Part 10

1.4K 65 6
                                    

Aldo menyampirkan jas putihnya di lengan. Kerjaannya sudah selesai. Mungkin hanya pengecekan rutin untuk pasien-pasiennya. Urusan pengecekan data kesehatan pasien biar perawat yang menanganinya. Nanti dia cukup meminta datanya untuk memantau perkembangan pasien yang di tangani olehnya.

Menjadi seorang dokter bukanlah hal mudah. Dokter bukan hanya soal mengobati dan merawat orang sakit, namun tanggung jawab yang dipikulnya cukup berat, hidup atau matinya seseorang. Dia bukan Tuhan yang bisa mengatur kehidupan seseorang, tapi dia sebisa mungkin memberikan penyelamatan agar pasiennya tetap bernapas dan dapat menjalani hidup.

Tubuhnya cukup lelah, hari ini banyak pasien yang harus di urus, tentu saja menguras tenaganya.

Dia ingin segera pulang menemui sang kekasih yang begitu di rindukannya. Jas putih kedokterannya di letakkan di samping tempat duduknya. Dia menyalakan mobilnya dan melaju menuju rumah Shareen.

Tidak memakan waktu yang lama, hanya 15 menit dia sudah tiba di pekarangan rumah Shareen. Dengan senyum lebar, Aldo mengetuk pintu pelan.
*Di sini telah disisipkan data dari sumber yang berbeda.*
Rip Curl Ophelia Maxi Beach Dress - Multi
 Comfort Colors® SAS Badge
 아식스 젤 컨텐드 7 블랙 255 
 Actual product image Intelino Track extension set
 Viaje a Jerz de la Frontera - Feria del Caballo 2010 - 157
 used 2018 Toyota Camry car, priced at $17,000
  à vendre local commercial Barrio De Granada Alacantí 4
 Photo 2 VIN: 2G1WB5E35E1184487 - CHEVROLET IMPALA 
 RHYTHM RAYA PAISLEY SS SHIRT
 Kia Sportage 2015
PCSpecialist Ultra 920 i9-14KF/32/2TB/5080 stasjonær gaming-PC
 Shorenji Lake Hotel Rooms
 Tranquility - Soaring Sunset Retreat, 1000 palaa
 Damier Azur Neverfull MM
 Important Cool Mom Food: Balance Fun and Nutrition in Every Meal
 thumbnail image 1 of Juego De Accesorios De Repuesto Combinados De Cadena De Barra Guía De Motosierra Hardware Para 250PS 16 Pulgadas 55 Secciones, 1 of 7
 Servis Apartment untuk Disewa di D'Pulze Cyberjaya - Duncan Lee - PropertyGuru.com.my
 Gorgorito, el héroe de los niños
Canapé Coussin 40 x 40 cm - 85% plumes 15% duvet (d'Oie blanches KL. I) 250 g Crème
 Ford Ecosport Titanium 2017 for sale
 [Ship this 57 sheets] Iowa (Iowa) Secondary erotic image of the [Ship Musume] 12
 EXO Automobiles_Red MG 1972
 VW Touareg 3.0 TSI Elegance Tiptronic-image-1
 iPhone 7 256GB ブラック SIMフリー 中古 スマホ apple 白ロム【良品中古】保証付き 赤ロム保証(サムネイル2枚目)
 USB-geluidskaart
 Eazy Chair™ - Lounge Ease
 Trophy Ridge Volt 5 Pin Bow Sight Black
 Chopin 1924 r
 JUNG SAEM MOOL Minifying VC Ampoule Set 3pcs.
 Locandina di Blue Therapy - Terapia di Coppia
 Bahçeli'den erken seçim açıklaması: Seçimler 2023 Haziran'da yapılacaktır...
"Shaby, aku Aldo. Bukain pintunya dong!" panggil Aldo, tangannya masih mengetuk-ngetuk pintu

Tidak ada sahutan dari dalam. Aldo memilih untuk masuk sendiri. Pintunya tidak dikunci, jadi dengan mudahnya dia bisa masuk.

Kosong! seperti tidak ada seorangpun disini. Aldo mencoba berpikir tentang keberadaan Shareen. Biasanya cewek itu langsung membukakan pintu lalu menyambar dirinya dengan pelukan hangat. Mengingat itu, rasanya Aldo ingin segera menemui sang pujaan hati.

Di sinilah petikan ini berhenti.